> **WHAT YOU ARE ASKED TO DO**
Only the lines below from the one containing "May include: A" through the last line should be set down, exactly as written and with no pictures.

> **RECORDS FOR THIS TASK**
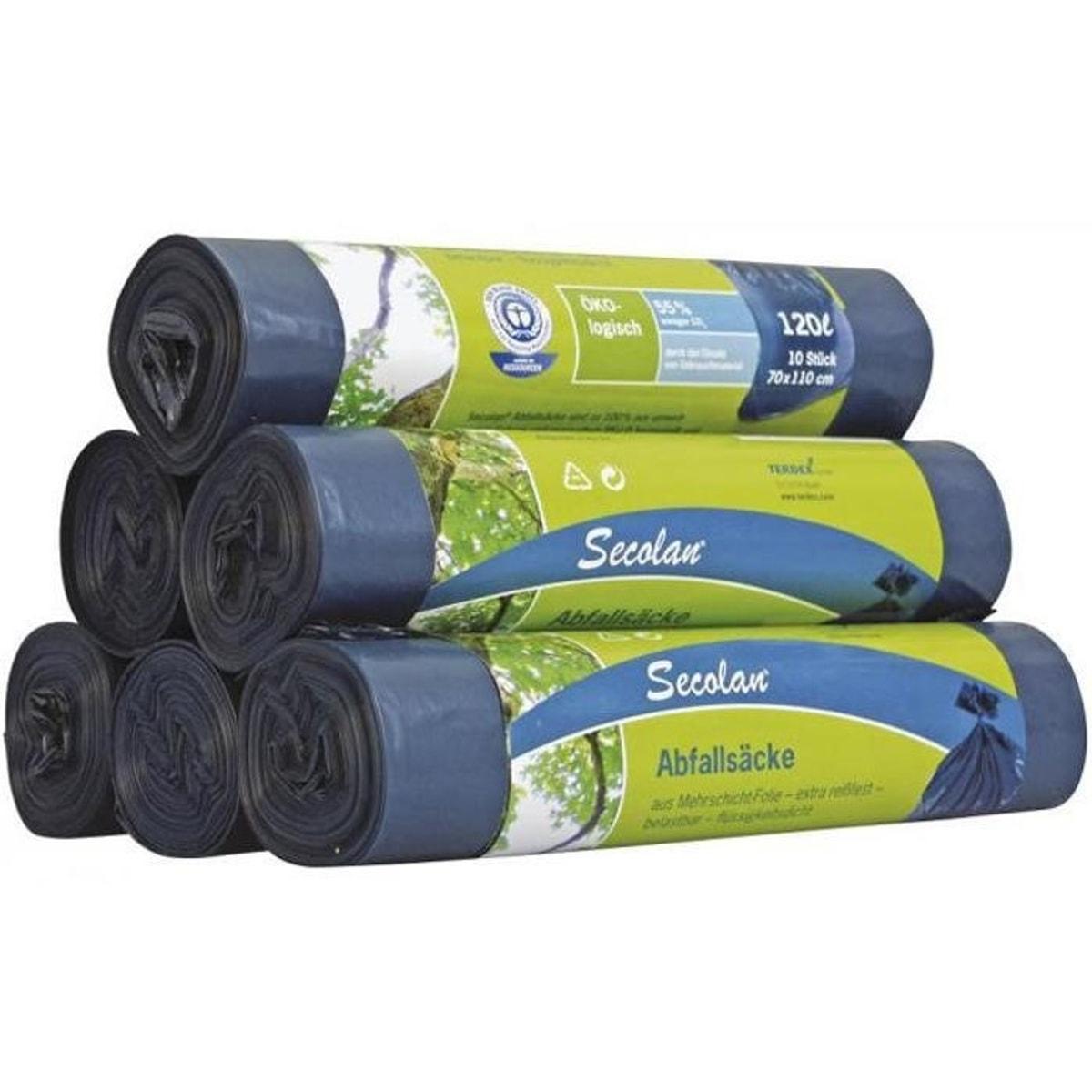 Rouleau de 10 sacs en PEBD recyclé, Ange bleu, sacs poubelle Secolan 120 litres bleus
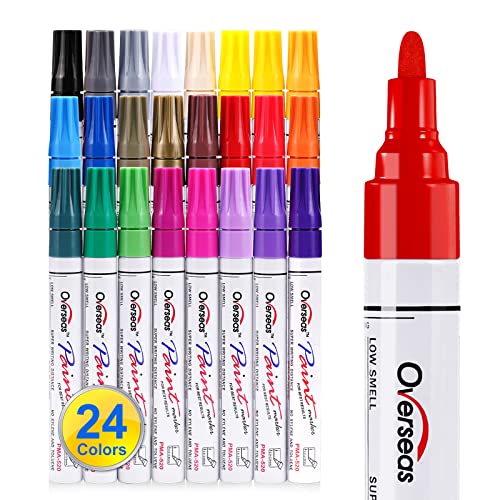 Paint Marker Pens - 24 Colors Permanent Oil Based Paint Markers,Medium Tip,Quick Dry and Waterproof Assorted Color Marker for Metal,Wood,Fabric,Plastic,Rock Painting,Stone,Mugs,Canvas,Glass,Art Craft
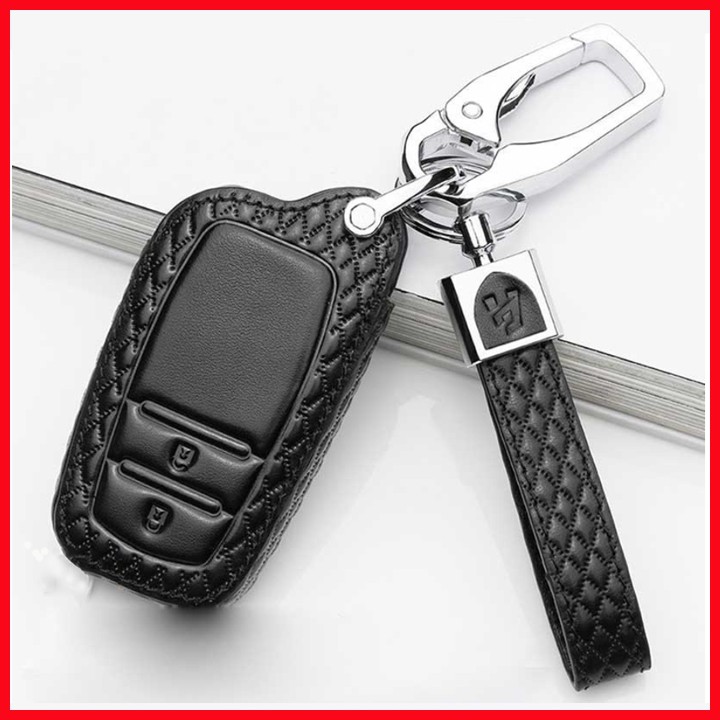 Bao da chìa khóa ôtô Toyota Camry, Fortuner, Prado màu đen hàng cao cấp loại đẹp M7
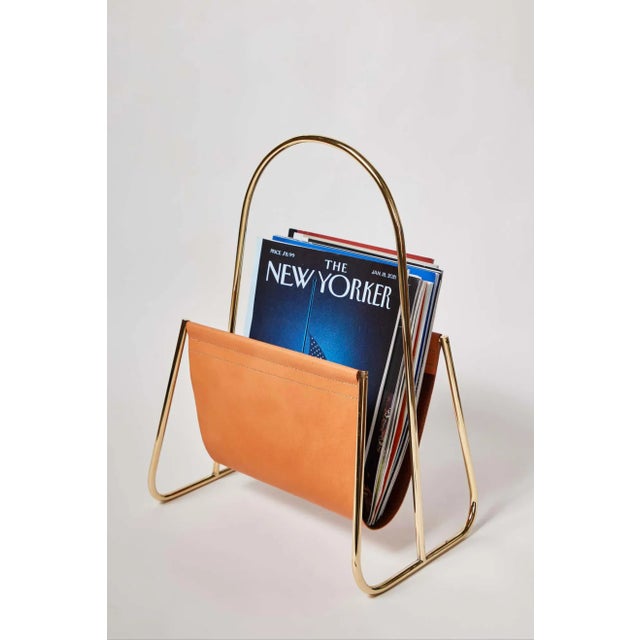 Not Yet Made - Made To Order Carl Auböck Model #4019-2 Cognac Leather and Brass Magazine Rack For Sale - Image 5 of 11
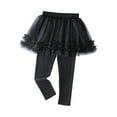 thumbnail image 1 of FAOWME Little Girls Footless Leggings With Tutu Ruffle Skirt Stretchy Cotton Pantskirt Black 8-9 Years, 1 of 6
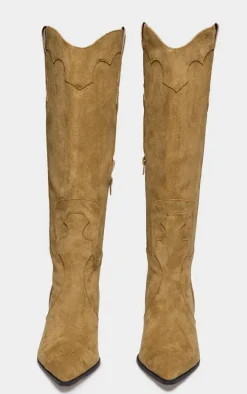 Taupe Wide Fit Faux Suede Point Toe Knee High Heeled Western Boots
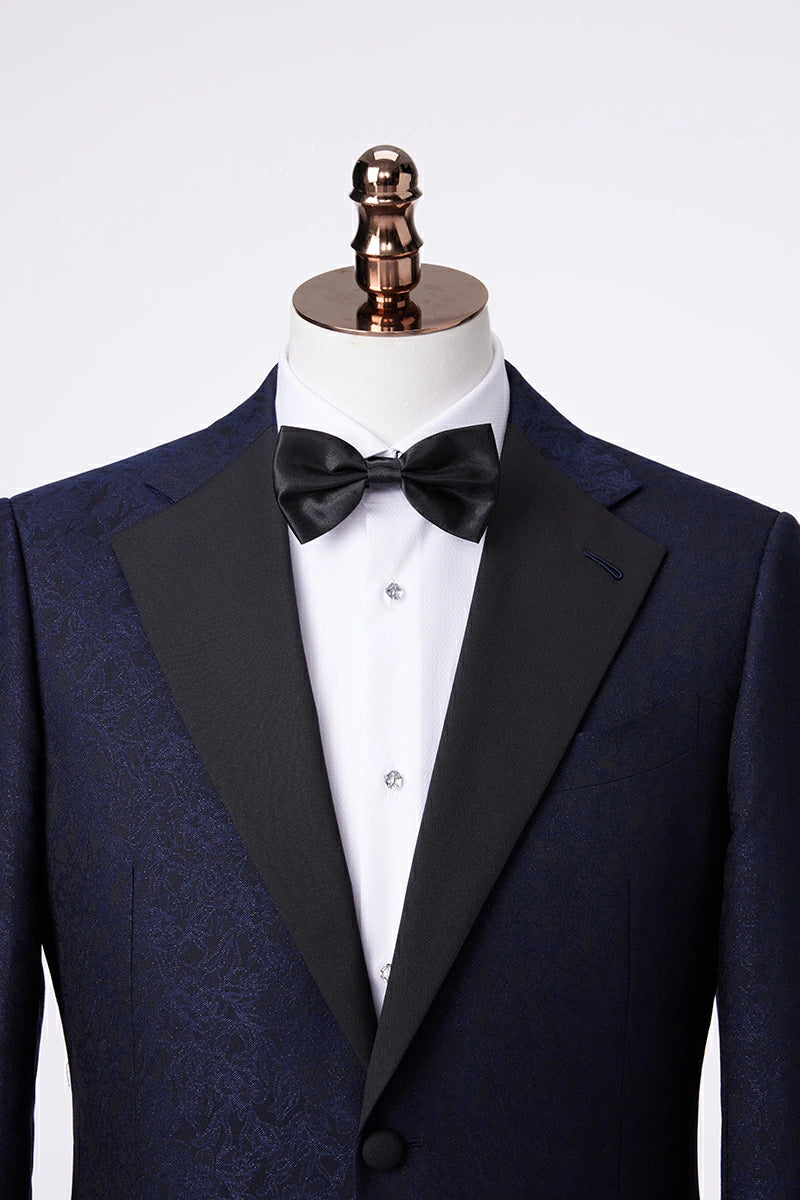 Midnight Navy Jacquard Tuxedo Jacket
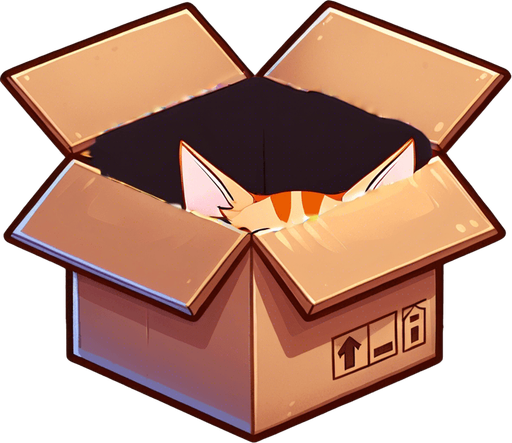 cute Chibi ginger cat peeking looks from the box into the camera. Cheeky, happy.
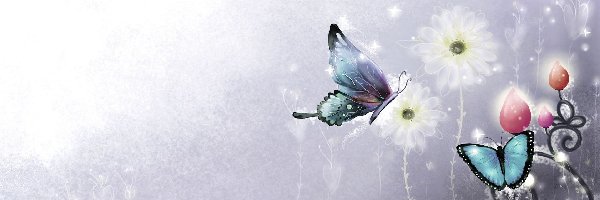 Grafika 2D, Kwiaty, Motyle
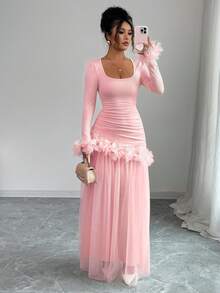 Elenzga 女士畅销新款浪漫法式修身花卉蕾丝边优雅中长连衣裙，长袖 - 粉色 - 查看 4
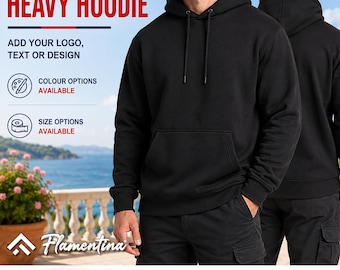 May include: A black heavy hoodie with a drawstring hood and a front kangaroo pocket. The text on the image reads: PERSONALISED HEAVY HOODIE, ADD YOUR LOGO, TEXT OR DESIGN, COLOUR OPTIONS AVAILABLE, SIZE OPTIONS AVAILABLE, Flamentina, Text, Logo, Design, Photo.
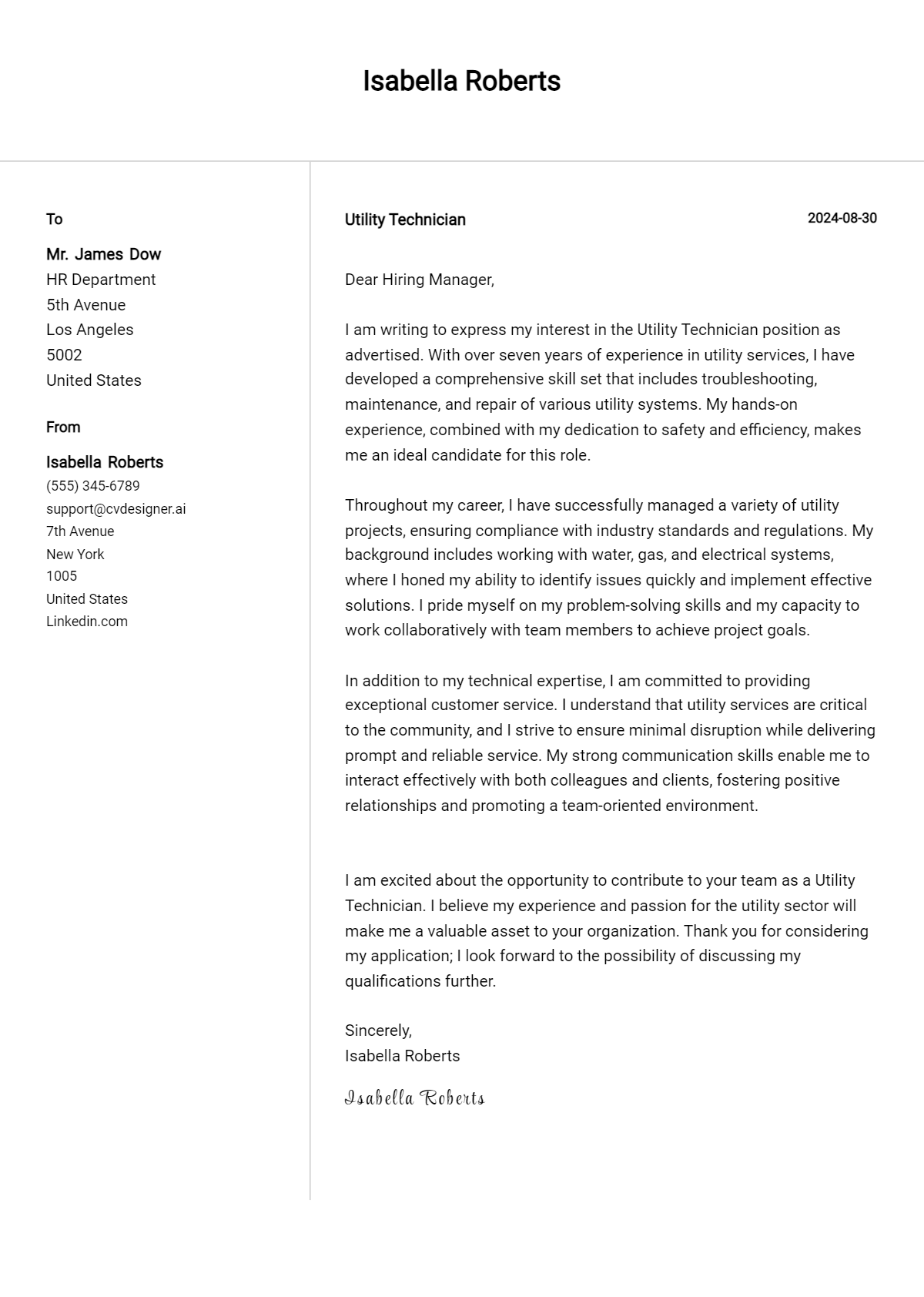 Utility Technician Cover Letter Example for 2026: Tips & Templates Preview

> **YOUR SOLUTION**
 May include: A black heavy hoodie with a drawstring hood and a front kangaroo pocket. The text on the image reads: PERSONALISED HEAVY HOODIE, ADD YOUR LOGO, TEXT OR DESIGN, COLOUR OPTIONS AVAILABLE, SIZE OPTIONS AVAILABLE, Flamentina, Text, Logo, Design, Photo.
 Utility Technician Cover Letter Example for 2026: Tips & Templates Preview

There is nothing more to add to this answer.